During the visit MV Lurongyuanyu 969 owned by Roshen Fisheries, had berthed at the Harbour and the crew were busily discharging cartons of fish from the vessel into waiting vehicles.
The Operations Assistant of Ronshen Fisheries, Richard Nortey, said two weeks in their fishing expedition they landed 100 metric tonnes of fish(4,000 cartons).
Mr Nortey who was full of joy at their exploits explained that observing the closed season had really paid off as more fish had regenerated in the sea.
However, a fish monger, Naa Akorley Abbey, said the rate at which the vessels were landing fish meant cold stores would soon run out of storage space.
She, therefore, called on the government to consider plans to invest in the expansion of such facilities to reduce post harvest losses.
Mr Dadzie on his part commended the industry players for appreciating the need to close the season, as part of management measures to improve stock levels.
There are 72 registered trawl vessels and about 14,000 canoes in Ghana and their continued activities puts a lot of pressure on the sea.
“The compliance level for this year’s closed season was 100 per cent it therefore helped to improve the stock level and we can all see the excellent results being churned out,” he said.
Mr Dadzie said the results was indicative that closing the season worked and that could make it easier to convince players to extend the exercise in the future, to improve quality to rake in more revenue.
He encouraged fishermen to save towards their future, especially towards closed seasons so that they would not be found wanting.
Mr Dadzie said the Fisheries Committee for West Central Gulf of Guinea was working to ensure that all its six member countries Benin, Cote d’Ivoire, Ghana, Liberia, Nigeria and Togo collaborated in their implementation of the closed season to ensure excellent results for the region.

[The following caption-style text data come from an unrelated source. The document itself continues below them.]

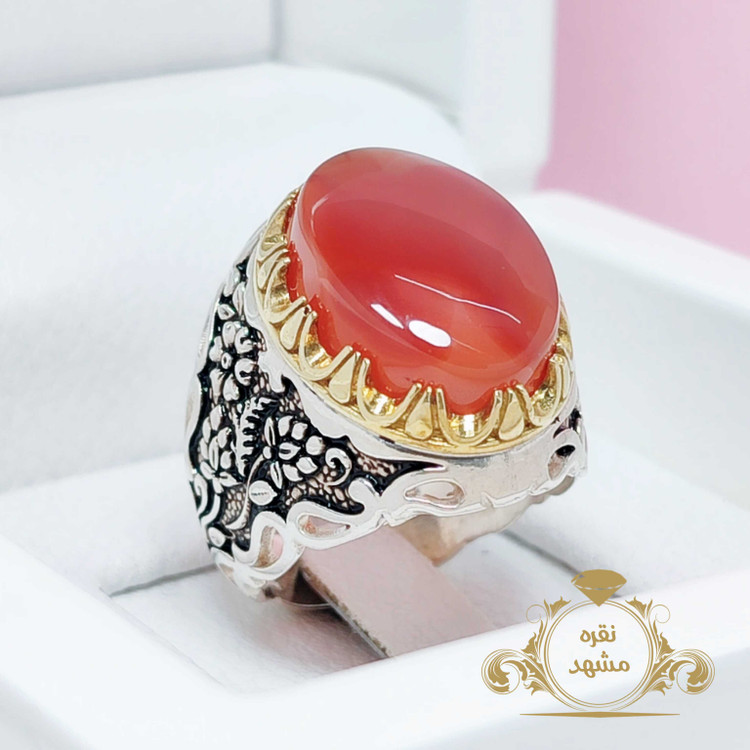 انگشتر عقیق سرخ خوشرنگ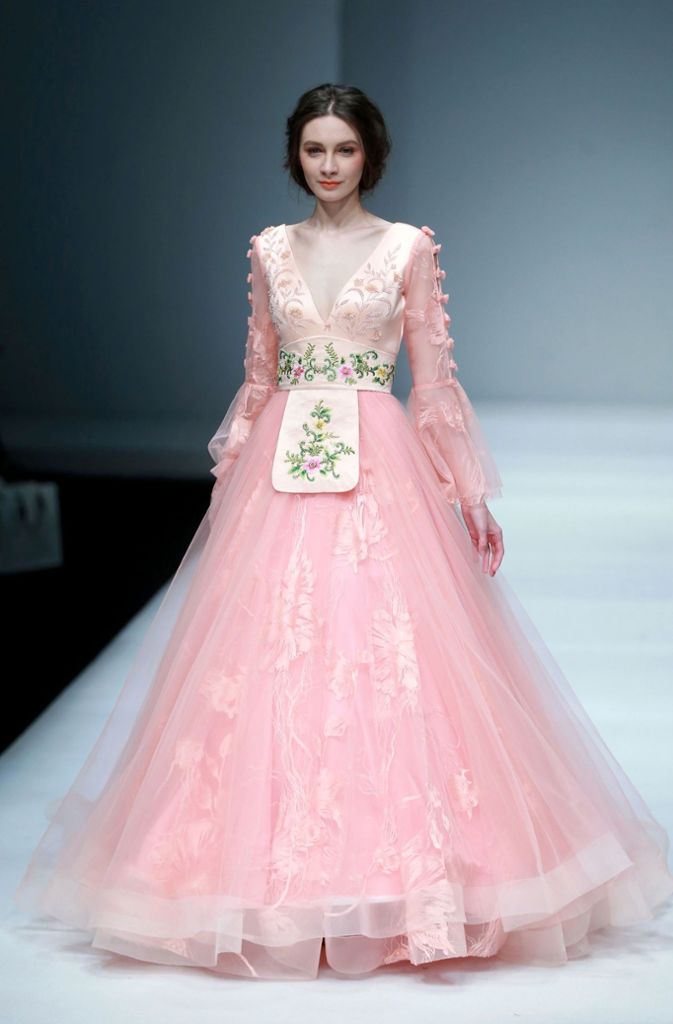 Bei Designer Zhu Xinyou trägt die Braut eine Mischung aus Folklore, Tüll und satten Farben.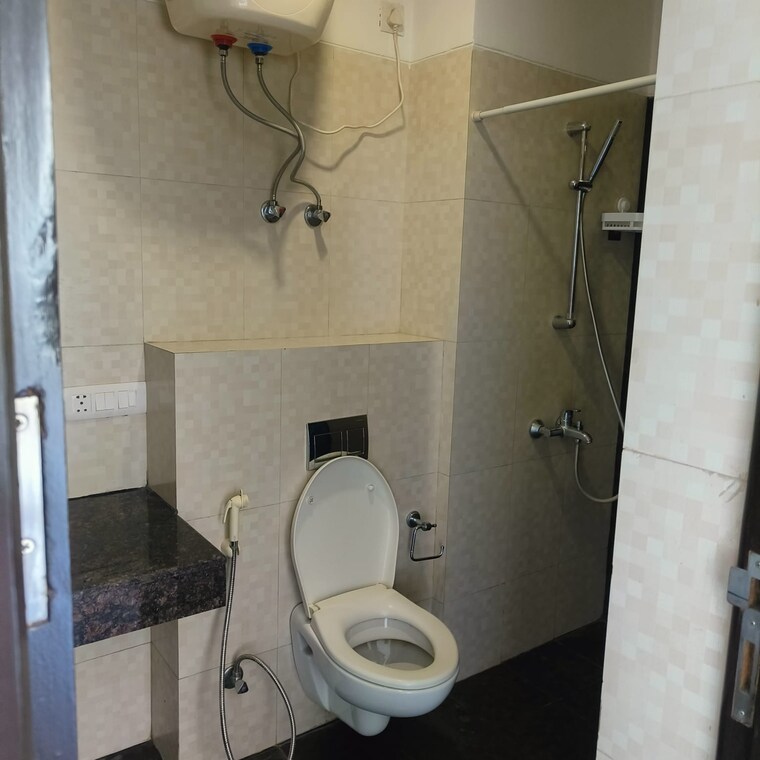 Bathroom, unitech-fresco 3 Bedroom 1815 Sq.Ft. Apartment In Sector 50 Gurgaon 8651312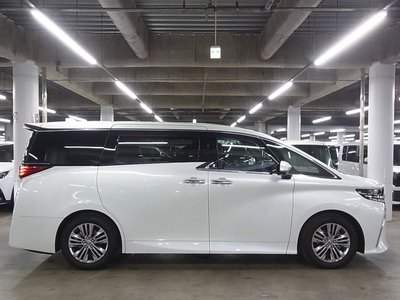 2023 Toyota ALPHARD — фото 12
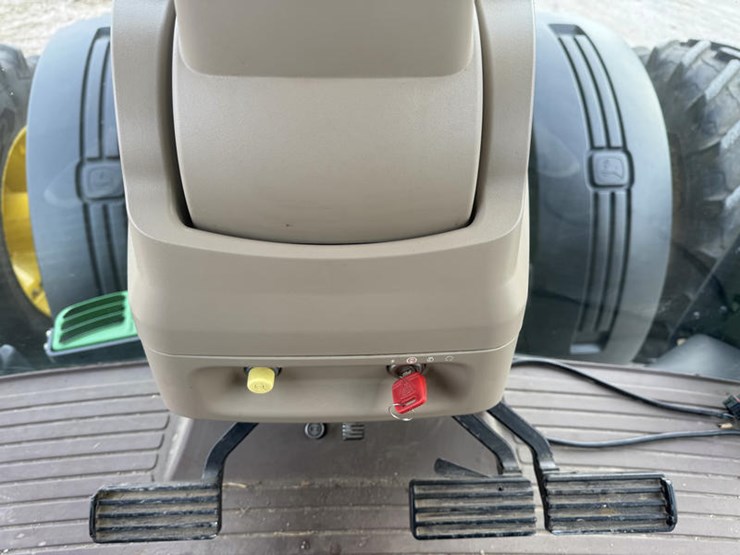 2011-john-deere-8335r-image-63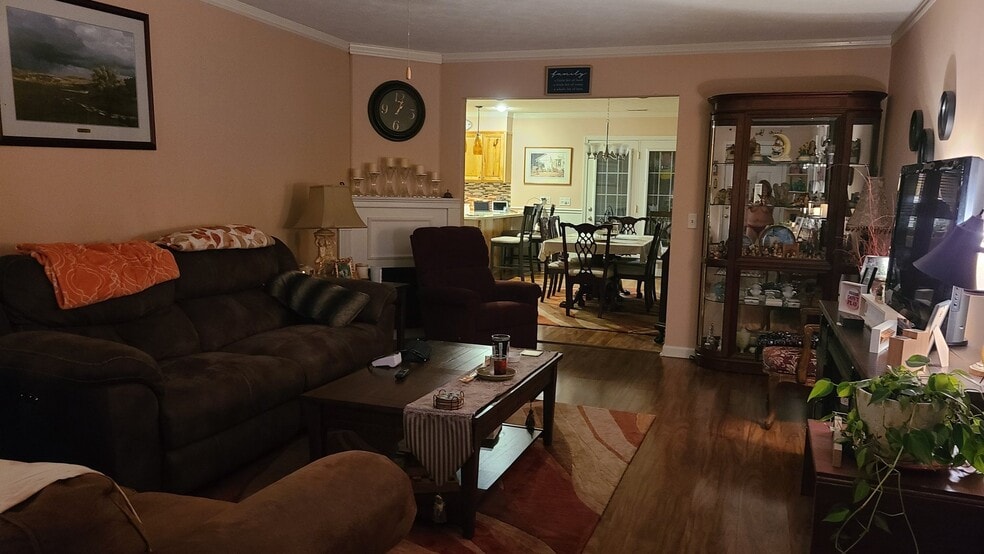 Building Photo - 378 Hickory Grove Cir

Mr Dadzie answering a question as what the Ministry of Fisheries and Aquaculture Development was doing to streamline the trawl sector where, vessels had Chinese ownership and the licence to fish belonged to Ghanaians, said “We are asking the players to bring a hire purchase agreement between the fishing companies and their partners who have brought in the vessels so that eventually the vessels would be paid for by the Ghanaian partners.”